I have FNMA and JPMorgan as parties represented by single atty who went missing at status conf today
How do you draw the lines on atty-client privilege?
They were all acting in an informal partnership relationship (conspiracy) to enact a scheme of grand theft (home equity) and larceny (atty fees, svc fees, etc) by inducing me to default by refusing to supply a copy of my promissory note when legally demanded.
Notice how I used all those criminal activity words without using the 'f' word?
It helps to have prima fascia evidence of felonies (false filing at County Recorder)

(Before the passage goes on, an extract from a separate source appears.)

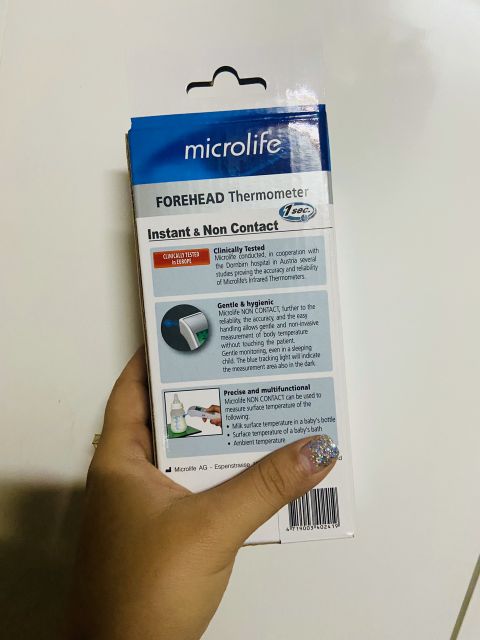 Nhiệt kế hồng ngoại đo trán Microlife FR1MF1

DISCOVERY - 'TRADE SECRETS'
The information is subject to reasonable efforts to keep it secret. The owner of a trade secret must make reasonable efforts to keep the information secret. What is reasonable is determined by a cost-benefit analysis that varies from case to case
To use the Coke example one last time, the company certainly takes reasonable efforts to keep the formula secret.
As noted above, it keeps the formula locked in a vault, and only a few executives know it.
OK, with this in mind, the question then becomes, did a group of employees in he company claiming trade secret
have free and open access to said data. How was this access SECURED and Safe GUARDED?
i.e. If 387 employees on Bob's Bank could access the data, openly and freely, then it CANNOT be claimed as Trade
Secret. Also, if the data is merely usual and NOT unique data in the course of business it has NO TRADE SECRET VALUE.
The information must confer a competitive advantage. If all it is is ledger entries on your loan , then it does NOT "confer a competetive advantage"
You challenge the "trade secret"claim by demanding that they disclose HOW the data gives them a competitive
advantage, AND what * reasonable efforts to keep it secret
Identity of an investor is not a trade secret.
been there done that with Motion for In Camera Inspection of Trade Secret Docs
Inspection is one thing. You must CHALLENGE the claim. YOU must claim that the material is NOT trade secret, and cite the definitions of trade secrets in state law.
The main goal of trade secrets law is to provide a way for businesses to capitalize on their unique practices or
knowledge created through their time and effort
Thx Randye - good timing. Would FNMA be considered unique?
well how can they consider it unique when the entire finance industry used it as standard procedure
What is *unique* in that process Phred?
WK answered already. Banks have private MBS that use same procedures.